Immutable "shared"/"push" parameters will result in read-only
mappings in the destination address space, though for "push"
parameters, the process will have permission to enable writes (this
is intended for use by the ORB memory manager when the memory is
freed).

The "immutable" attribute may also be used on members of a struct.

1.3 Asynchronous methods
========================

Most of the semantics are the same for asynchronous methods; however, the
points at which the method begins and ends are less clear.  As far as the
ORB is concerned, an async method begins when it processes the message. 
When invoking an async method, there should be a mechanism to get a handle
to track the progress of the invocation.  This can be used by the caller
to try to cancel the method on a timeout, which can only be done if the
message has not yet been accepted by the recipient.  Once the message has
been accepted, in the in-process, non-"copy" case, the caller must not
touch the data after this point until it receives a message from the
callee that it is finished.  In the out-of-process case, if a caller loses
patience with the callee, it can free the memory (thus making it exist
only in the callee's address space, non-shared).

1.4 Out parameters
==================

When a struct or array is being returned via an out or inout parameter,
there is no end of method on which to base reference lifetime.  As such,
if neither "shared" nor "inline" is specified, an out parameter is treated
as "push".  The default of "push" only applies to the out half of an inout
parameter; in general, use of inout should be probably limited to value
types and parameters that use "push" in both directions so as to avoid
potentially confusing semantics.

To return static data that does not need to be freed, out parameters can
use the "copy" implementation attribute.  The interface semantics will
still be "push", but the ORB (or a wrapper function for in-process calls)
will allocate a pushable buffer and copy the data into it.  If the static
data is managed by the ORB memory manager, it will reference count the
page rather than make a copy if the buffer is of sufficient size.

1.5 Exceptions
==============

Exceptions are thrown as copy/push out parameters.  This will often mean
unnecessary copies at in-process IDL method boundaries, but exceptions
should be small and infrequently thrown, and usually not managed by the
ORB memory manager except across method boundaries.

1.6 Unmet needs
===============

It is currently impossible to specify attributes (other than "immutable"
and "inline") on individual struct members.  This would be useful to pass
a struct normally that contains a status code or other metadata along with
a pushed or shared buffer, without making the outer struct also pushed or
shared.  It would also be useful to pass a pushed buffer through some
fixed superstruct such as a NotifierInfo.

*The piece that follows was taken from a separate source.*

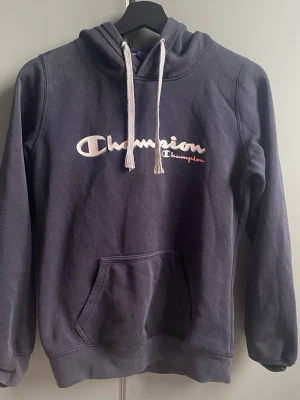 Hoodie - Snygg mörkblå hoodie från Champion. Banden är hyfsat slitna🩷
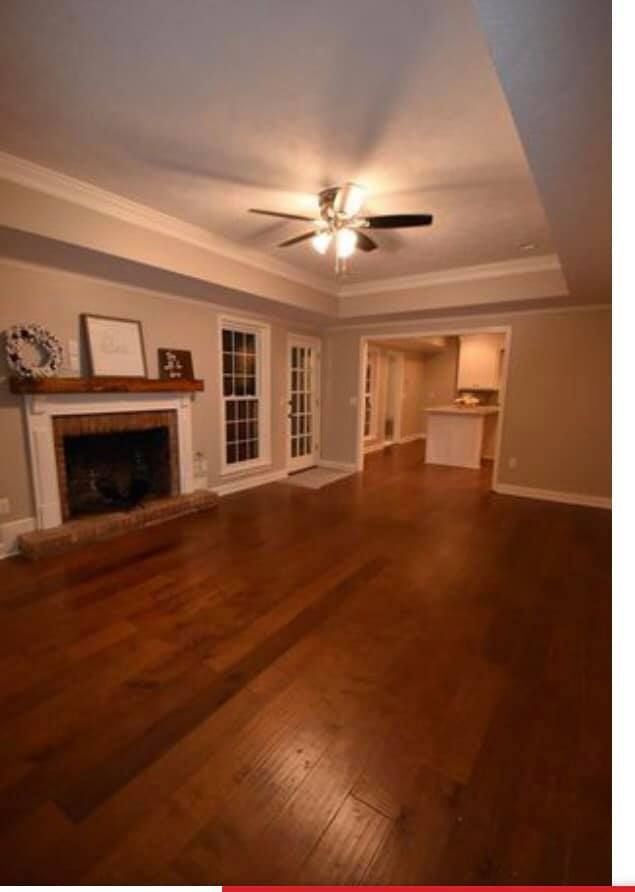 A living room with hardwood floors , a fireplace and a ceiling fan.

2. The ORB Memory Manager (ORBMM)
=================================

The ORB memory manager keeps track of memory allocated by the ORB during
an out-of-process method invocation.  It is also used for allocations made
by user code for memory that may need to be freed by another component in
the same address space (such as when using the shared or push attributes).

A reference count is kept on each page, so that shared-within-a-process
mappings must be released by both caller and callee before the memory is
freed.  Passing a chunk of data through a "shared" parameter to in-process
method increments the page's reference count; this requires a memory
manager lookup for every such parameter.  Because of this, consider using
"push" instead if sharing is not required.

In the out-of-process case, each mapping is freed separately, and the
kernel handles reference counting the physical page.

2.1 Methods
===========

Each language binding shall provide a mechanism by which code may call the
following functions on a given type of array or struct.  The prototypes
are for C++; other language bindings express these methods in whatever
form is most appropriate.  In C++, the ORB memory manager is at
System::RunTime::orbmm, which is a pointer to an instance of
System::RunTime::ORBMM.

2.1.1 alloc
===========

void *ORBMM::alloc(size_t size, ORBMM::AllocGroup *group = NULL);

Allocate the memory required for the given type (and the given array size,
if the type is an array).  A group handle may be passed; if not, no page
will contain more than one allocation.  The reference count on the page is
incremented if a page has been reused and per-object refcounts are not
supported; otherwise, the object's reference count is one.  If the
allocation spans multiple pages, it will be tracked as an "object", so
that each page will have its reference count incremented and/or
decremented when appropriate.

The implementation may, but is not required to, track reference counts on
a per-page basis rather than per-object.  The former will generally be
more efficient, but will preclude the reuse of an object's memory upon
release until the entire page is released.

Alternative forms:
Type *obj = new(orbmm) Type;
Type *obj = new(orbmm) Type[];
Type *obj = new(orbmm, group) Type;
Type *obj = new(orbmm, group) Type[];

2.1.2 retain
============

void ORBMM::retain(Region region);

Increment the reference count on the specified object.  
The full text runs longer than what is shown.